### [TASK DESCRIPTION]
Take the line with "Superb Syrian Damascus Moorish Games Table" as the first and the last line of the data as the end. Write out both and every line between exactly, except pictures.

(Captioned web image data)
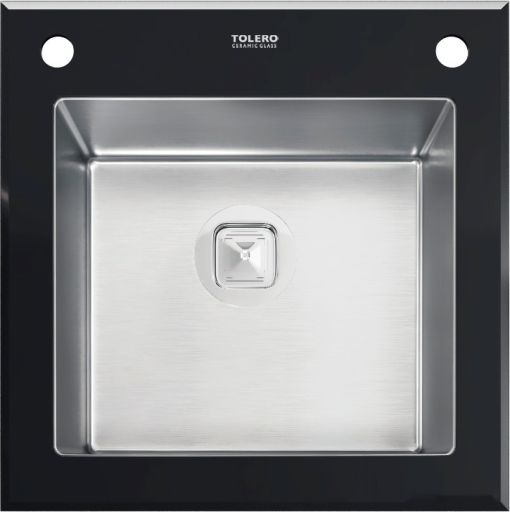 Кухонная мойка Tolero Ceramic glass TG-500 (черный), фото 1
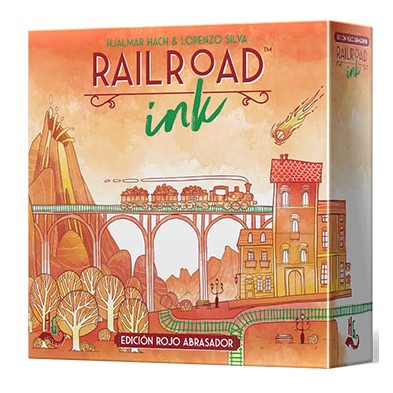 Railroad Ink: Edición Rojo Abrasador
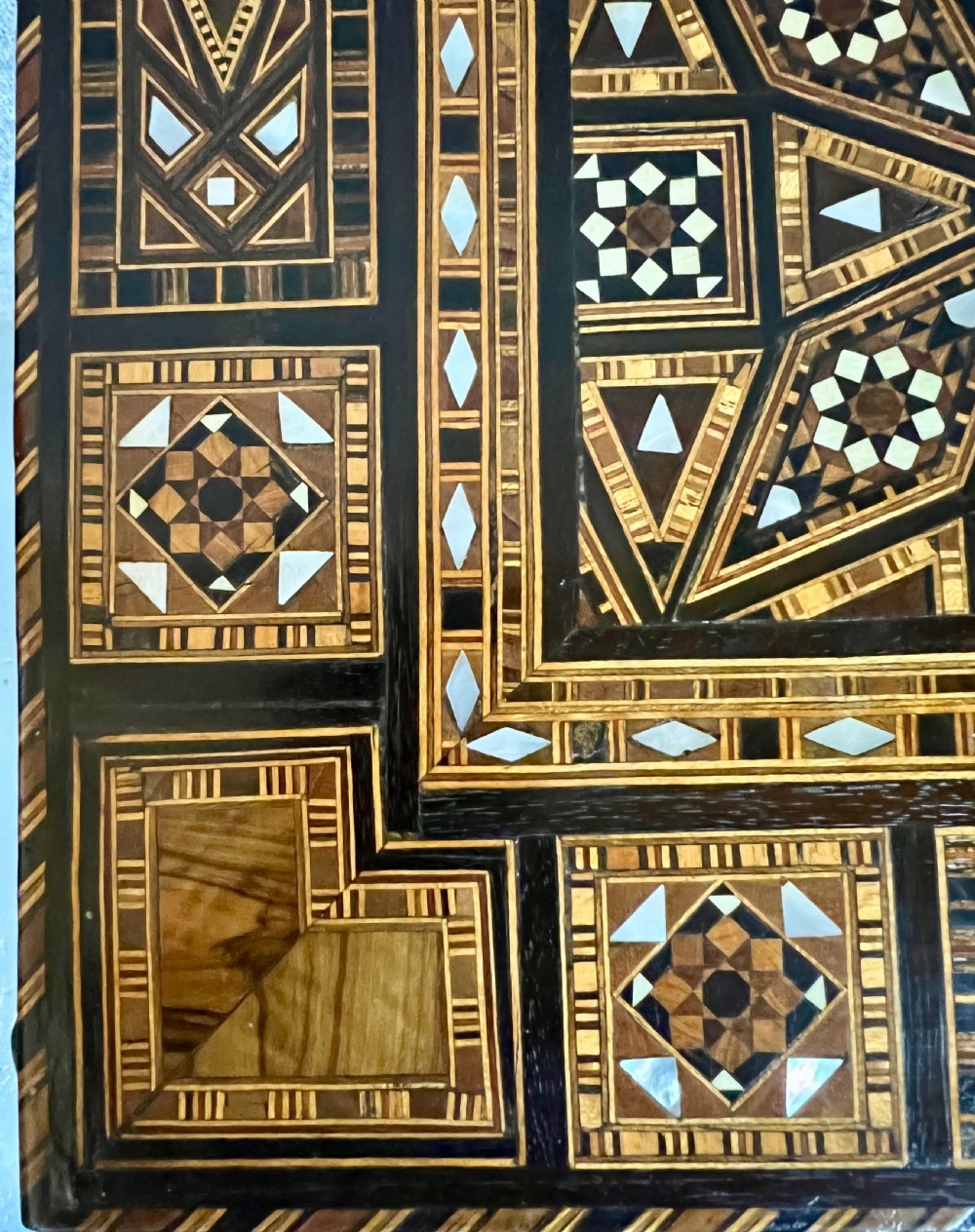 Superb Syrian Damascus Moorish Games Table
 View VIII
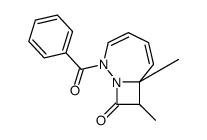 2-benzoyl-7,8-dimethyl-1,2-diazabicyclo[5.2.0]nona-3,5-dien-9-one结构式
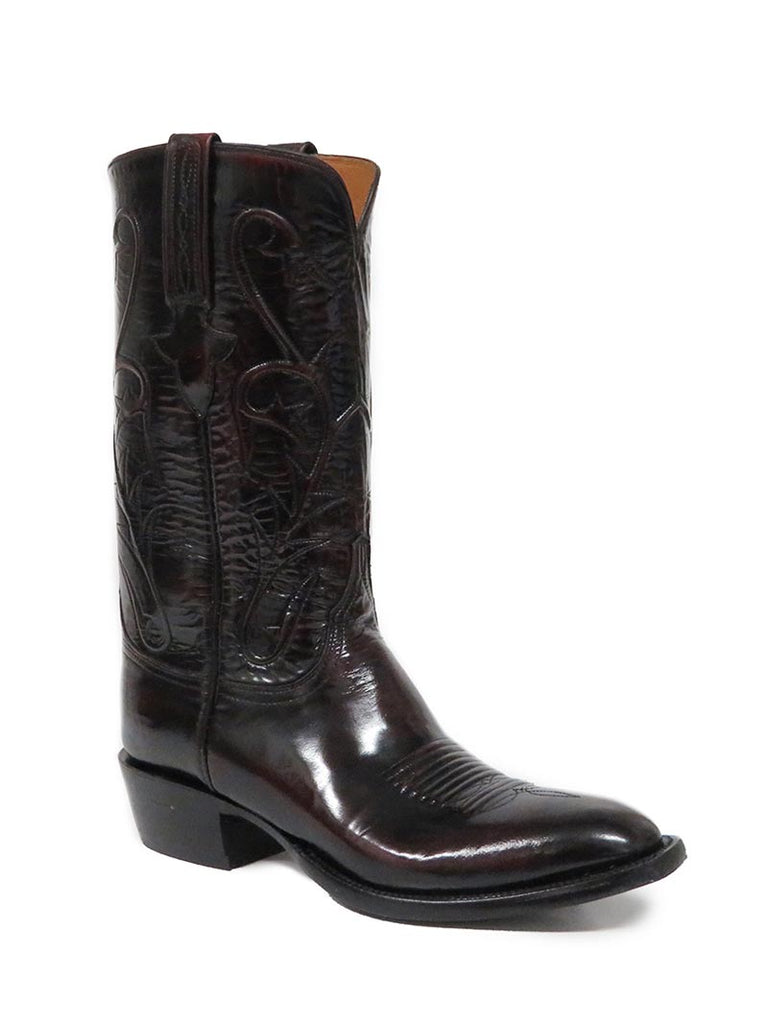 lucchese black cherry boots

### [YOUR RESPONSE]
 Superb Syrian Damascus Moorish Games Table
 View VIII
 2-benzoyl-7,8-dimethyl-1,2-diazabicyclo[5.2.0]nona-3,5-dien-9-one结构式
 lucchese black cherry boots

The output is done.